- Task description
Take every line in the entries that includes the word "understanding" and copy it.
··· Records for processing
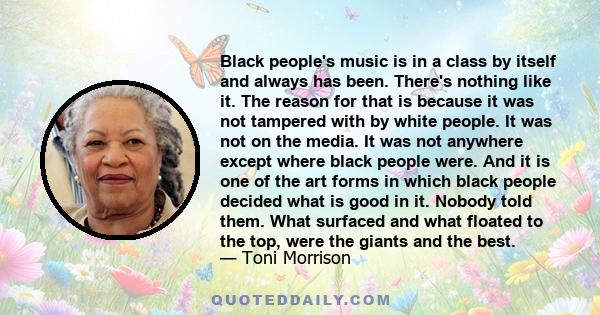 Black people's music is in a class by itself and always has been. There's nothing like it. The reason for that is because it was not tampered with by white people. It was not on the media. It was not anywhere except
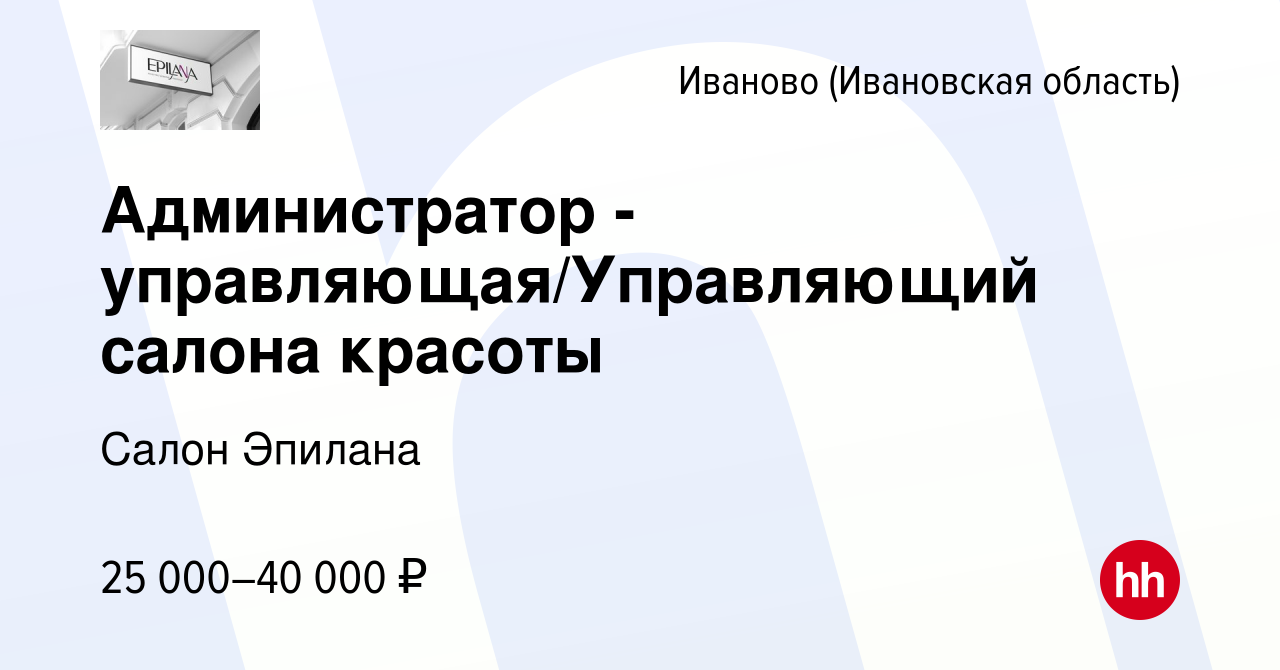 Вакансия Администратор -управляющая/Управляющий салона красоты в Иваново,  работа в компании Салон Эпилана (вакансия в архиве c 10 июня 2023)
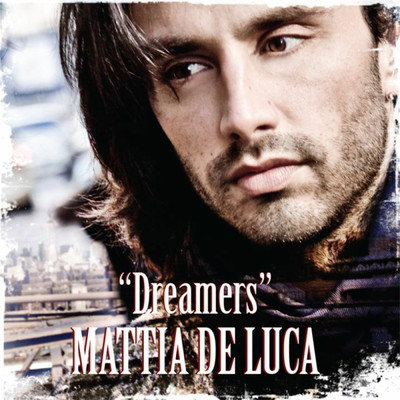 Dreamers/Mattia De Luca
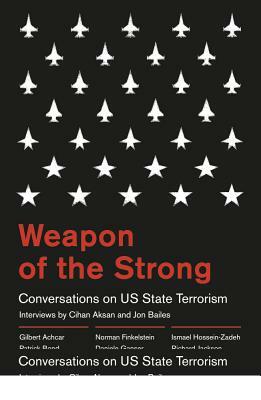 Weapon of the Strong: Conversations on Us State Terrorism by Jon Bailes, Cihan Aksan
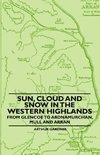 Sun, Cloud And Snow in the Western Highlands - From Glencoe to Ardnamurchan, Mull and Arran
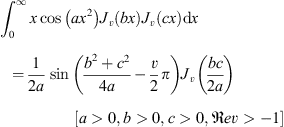 $$ {\int }_0^{\infty }x\mathrm{cos}\left(a{x}^2\right){J}_v\left({bx}\right){J}_v({cx})\mathrm{d}x=\frac{1}{2a}\mathrm{sin}\left(\frac{{b}^2+{c}^2}{4a}-\frac{v}{2}\pi \right){J}_v\left(\frac{{bc}}{2a}\right)[a>0,b>0,c>0,\mathfrak{R}{ev}>-1] $$
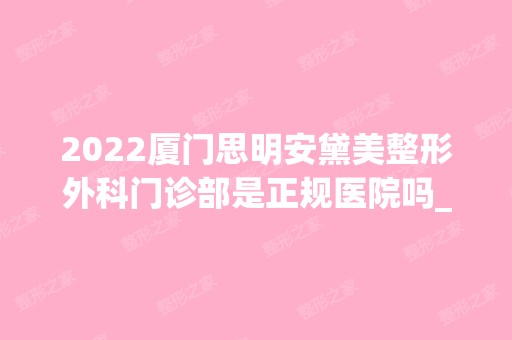 2024厦门思明安黛美整形外科门诊部是正规医院吗_怎么样呢_是公立医院吗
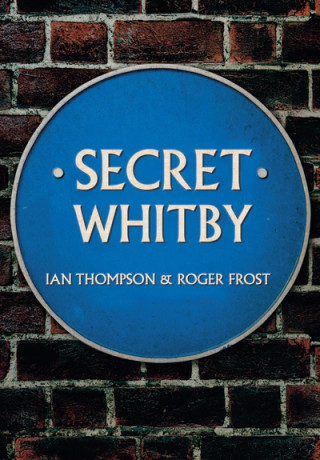 Carte Secret Whitby Ian Thompson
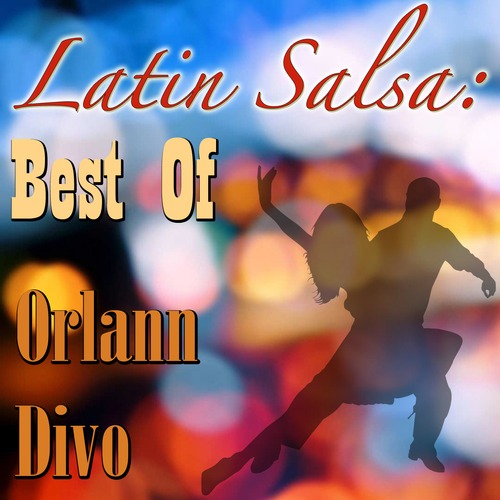 Orlann Divo-Latin Salsa: Best Of Orlann Divo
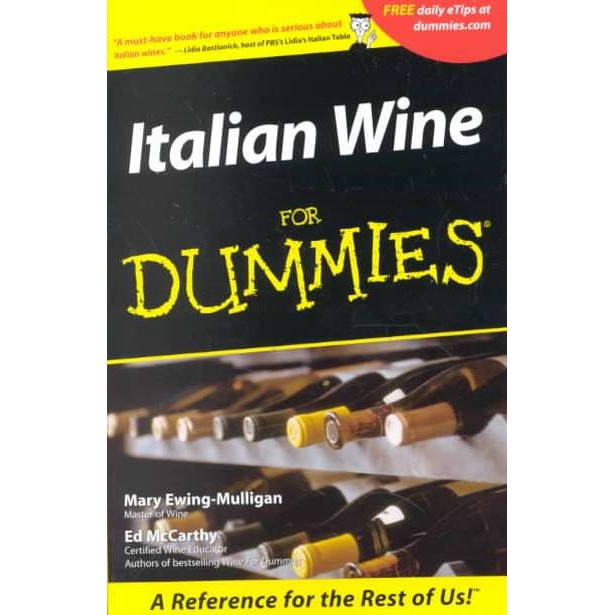 Italian Wine For Dummies de Mary Ewing/-/Mulligan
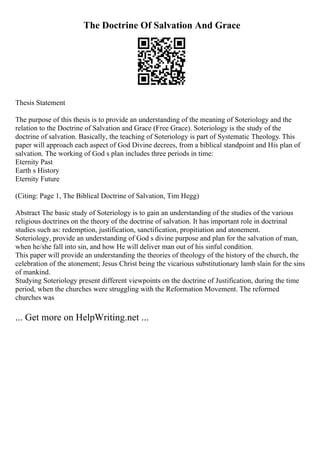 The Doctrine Of Salvation And Grace
Thesis Statement
The purpose of this thesis is to provide an understanding of the meaning of Soteriology and the
relation to the Doctrine of Salvation and Grace (Free Grace). Soteriology is the study of the
doctrine of salvation. Basically, the teaching of Soteriology is part of Systematic Theology. This
paper will approach each aspect of God Divine decrees, from a biblical standpoint and His plan of
salvation. The working of God s plan includes three periods in time:
Eternity Past
Earth s History
Eternity Future
(Citing: Page 1, The Biblical Doctrine of Salvation, Tim Hegg)
Abstract The basic study of Soteriology is to gain an understanding of the studies of the various
religious doctrines on the theory of the doctrine of salvation. It has important role in doctrinal
studies such as: redemption, justification, sanctification, propitiation and atonement.
Soteriology, provide an understanding of God s divine purpose and plan for the salvation of man,
when he/she fall into sin, and how He will deliver man out of his sinful condition.
This paper will provide an understanding the theories of theology of the history of the church, the
celebration of the atonement; Jesus Christ being the vicarious substitutionary lamb slain for the sins
of mankind.
Studying Soteriology present different viewpoints on the doctrine of Justification, during the time
period, when the churches were struggling with the Reformation Movement. The reformed
churches was
... Get more on HelpWriting.net ...
 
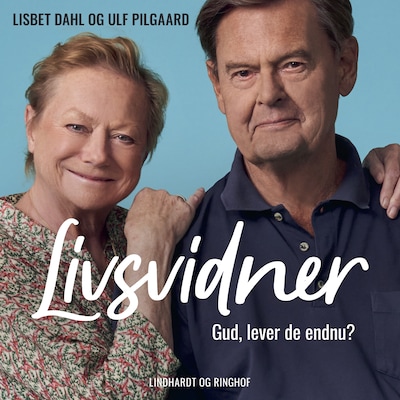 Livsvidner – omslag til lydbogen af Lisbet Dahl, Ulf Pilgaard, Lukas Birch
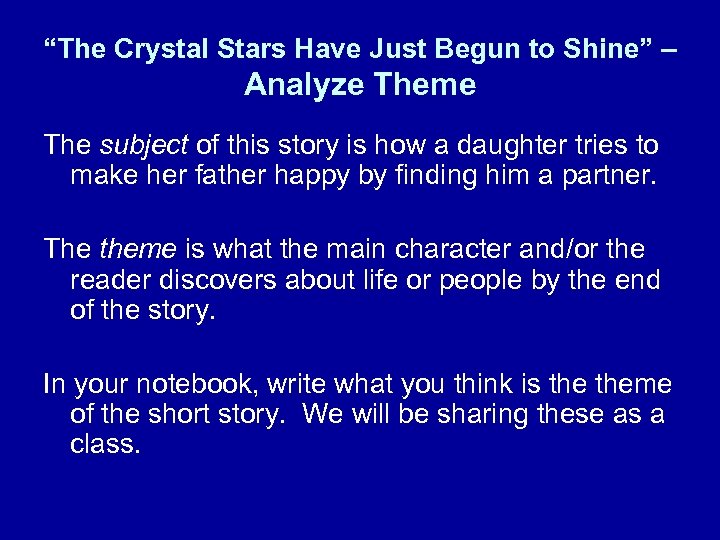 “The Crystal Stars Have Just Begun to Shine” – Analyze Theme The subject of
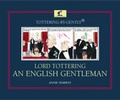 Cover: Tottering-by-Gently Lord Tottering: An English Gentleman - Frances Lincoln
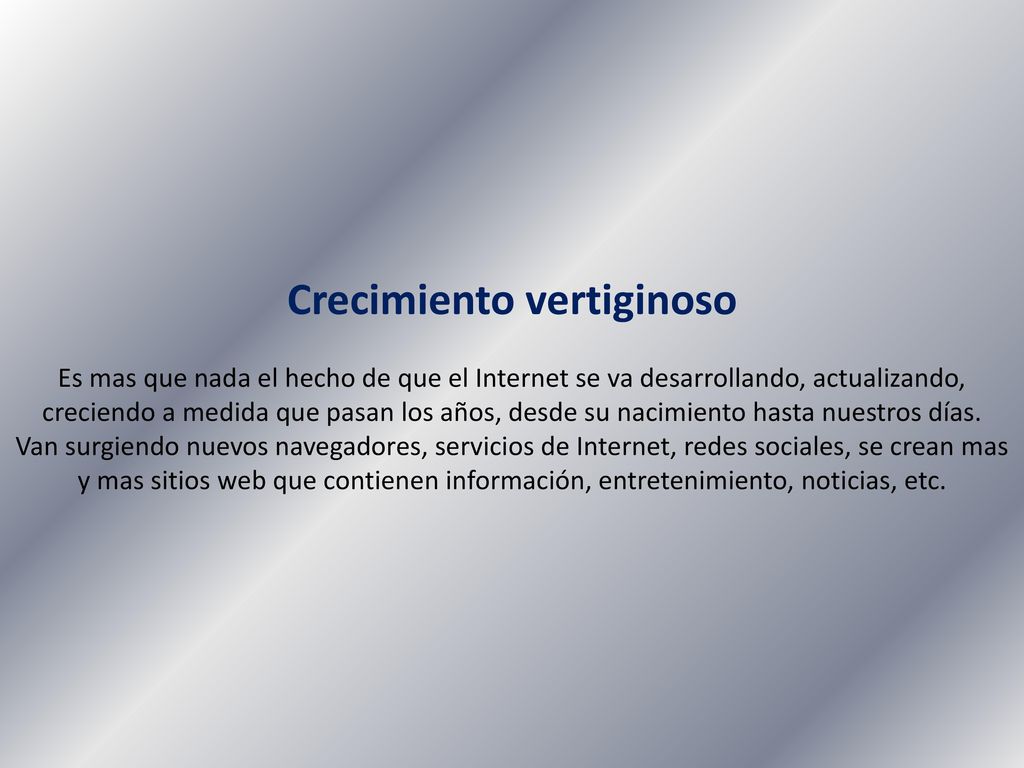 Crecimiento vertiginoso Es mas que nada el hecho de que el Internet se va desarrollando, actualizando, creciendo a medida que pasan los años, desde su nacimiento hasta nuestros días.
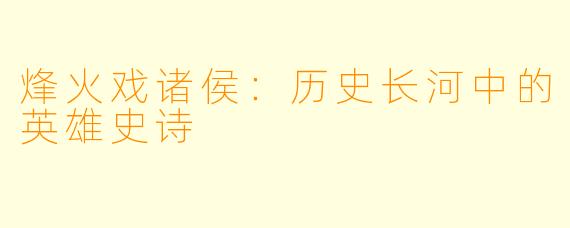 烽火戏诸侯:历史长河中的英雄史诗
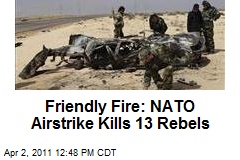 Friendly Fire: NATO Airstrike Kills 13 Rebels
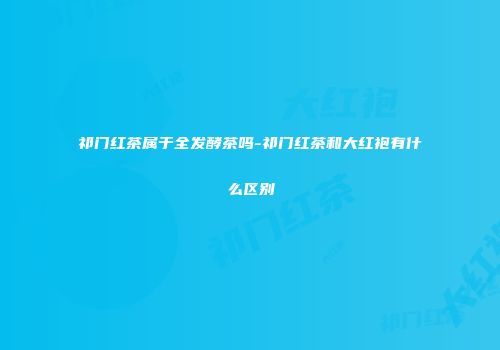 祁门红茶属于全发酵茶吗-祁门红茶和大红袍有什么区别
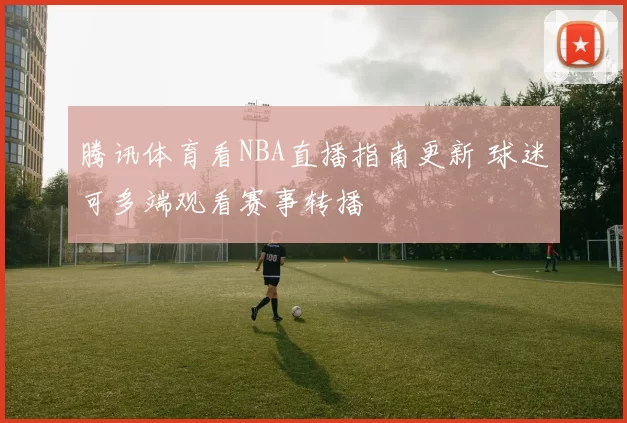 腾讯体育看NBA直播指南更新 球迷可多端观看赛事转播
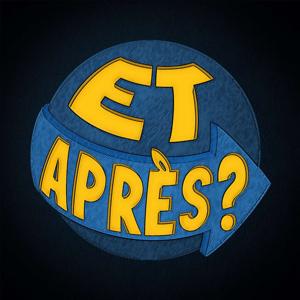 Et Après ?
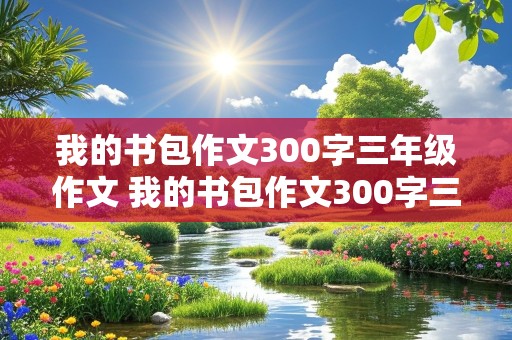 我的书包作文300字三年级作文 我的书包作文300字三年级作文怎么写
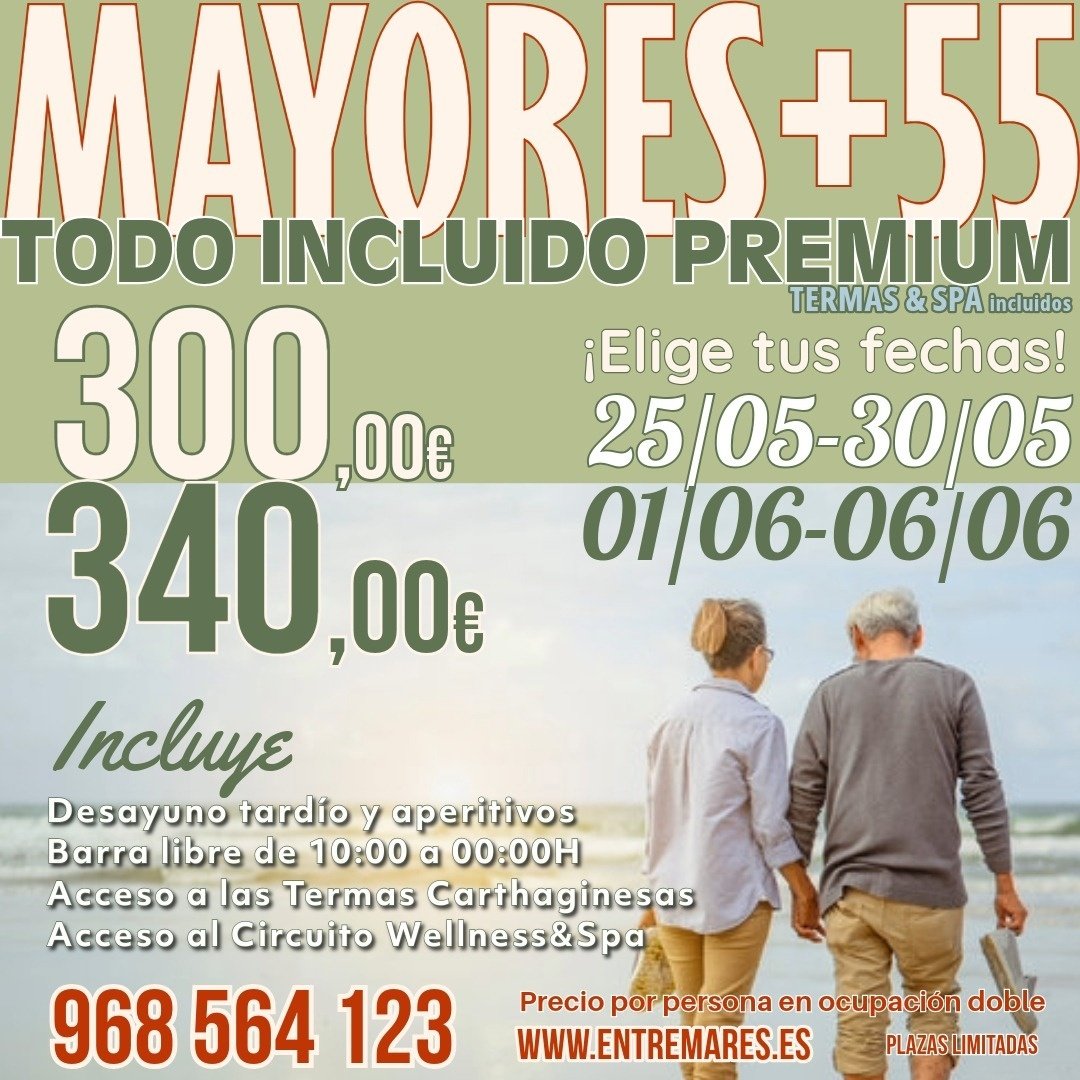 un cartel que dice mayores + 55 todo incluido premium
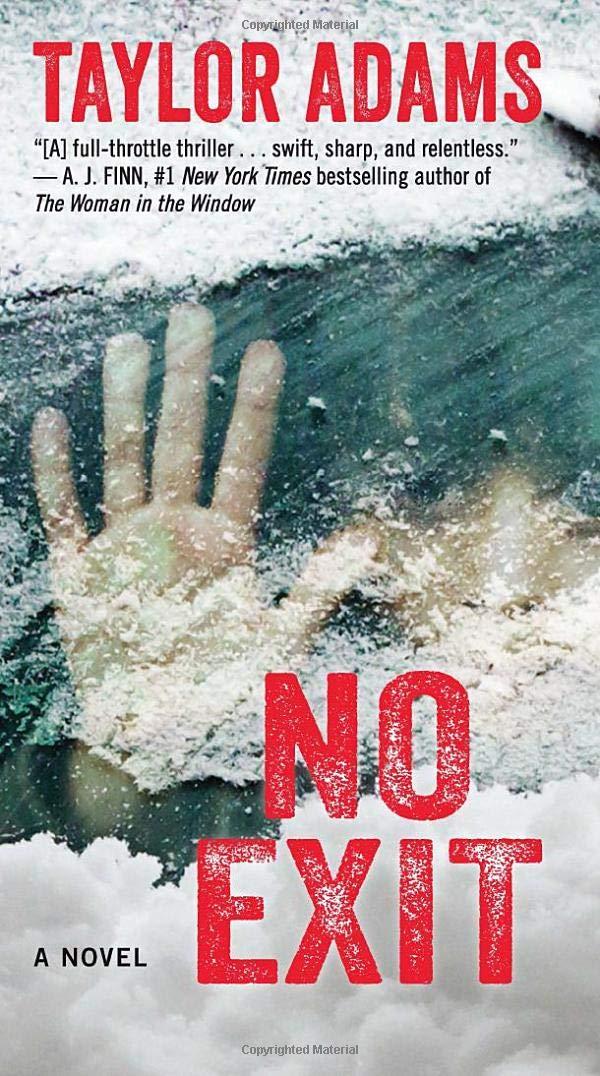 Book cover of No Exit by Taylor Adams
······
- Result of the task
The purpose of this thesis is to provide an understanding of the meaning of Soteriology and the
Abstract The basic study of Soteriology is to gain an understanding of the studies of the various
Soteriology, provide an understanding of God s divine purpose and plan for the salvation of man,
This paper will provide an understanding the theories of theology of the history of the church, the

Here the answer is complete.